Perhaps. What is this perhaps.

Unsure what green light I’m waiting for, blue risographed permission slip entreating me to embark on a field trip somewhere I’ve been before.

The last three days I’ve been mainly working on graphic design for a project, highly detailed work in Illustrator. Which, after two decades in Photoshop and only a handful of days of diligent work, I often times am flummoxed why a point converts to a line, why a symbol didn’t copy over a cropping mask, why the files take minutes to save. Flummoxed like visiting a foreign country, stumbling over the proper predicate form of a verb conjugation.

For everything that Photoshop does well, there’s a precision to Illustrator and vector editing in general – a lack of forgiven, a lack of fudging things.

When I let the flummoxing and input/output angers go, usually I google the problem. Ther/ an answer, if I make the time to ask the right question.

It’s good work. I’m worried about hidden typos or errors not likely caught. Can’t google those kind of problems away.

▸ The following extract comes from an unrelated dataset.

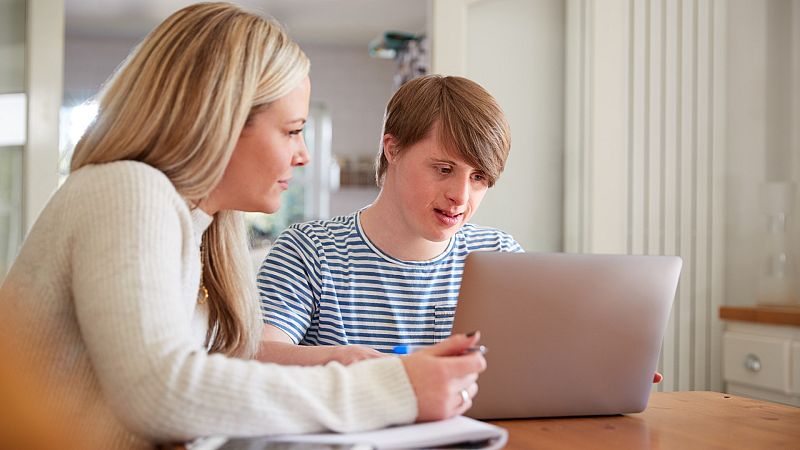 El estudio señala que los varones con más de 40 años son un grupo de especial riesgo frente al coronavirus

When I first sat down to tackle the project, the critical voice, and I can’t emphasis this enough, it’s a perfect ventriloquist, hypnotizing into a depression the thoughts, “you won’t know how to do this, there’s no way you can figure out how to put all of this together, it’s way too much work and not enough time to learn the details and navigate all of the info and folder structures and then put everything together.” Then it speaks in some other language, of abject fear. Like somehow there will be a firing squad at the end. Somehow you can’t understand it but this isn’t what you should do.

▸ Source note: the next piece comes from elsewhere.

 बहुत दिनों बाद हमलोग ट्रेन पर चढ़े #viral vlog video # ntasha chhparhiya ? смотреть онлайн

I imagined turning back before the journey had begun – letting someone else down. That, deeply, for some reason, felt like the worse failure. So instead I trudged on, one screen at a time. And the fear doesn’t go away – in fact the resistance is still there, shapeshifting, counterarguing, creating soft bunny cages.

You can’t google away your fears, or think them away. But you can google small problems that are getting in the way.

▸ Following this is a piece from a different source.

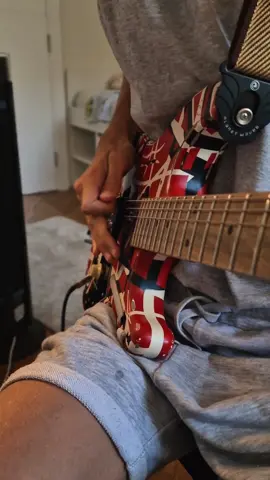 EVH beat it solo🔥 the tone.. #evh #beatit #vanhalen #michaeljackson #guitarsolo #guitartok #guitarplayer #tonehunter #viralvideos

Can you write away your fears?

You can write through them.

Design your life through then.

Speak loosely held guesses about your true self, letting the nature of action silence the inner critic.

The Midnite Deadline

365 midnight deadlines and ninety-two thousand words later. The first half I’m proud of — the second half … let’s just say I’m impressed that I kept writing every day for so long.

I’ll take a break and regroup and decide what’s next. Something. There’s always something next.

 

Last Irish Exit

 

The more people arrived, the faster the party seemed to proceed too quickly along its rhythm until we were the last children of the dancefloor. Calling it the theory of social relativity, dancing to the quiet of a final track, time traveling with a wig.

“And then all of a sudden, the party is over,” I said. I was sad, again, all that commotion and opportunity and connection slipped back away into ubers and drives home and leftovers around the table.

What hadn’t the party been?

Not just the hours on the invitation, from the first arrival until well past the last Irish exit. Not just the balloon surprises.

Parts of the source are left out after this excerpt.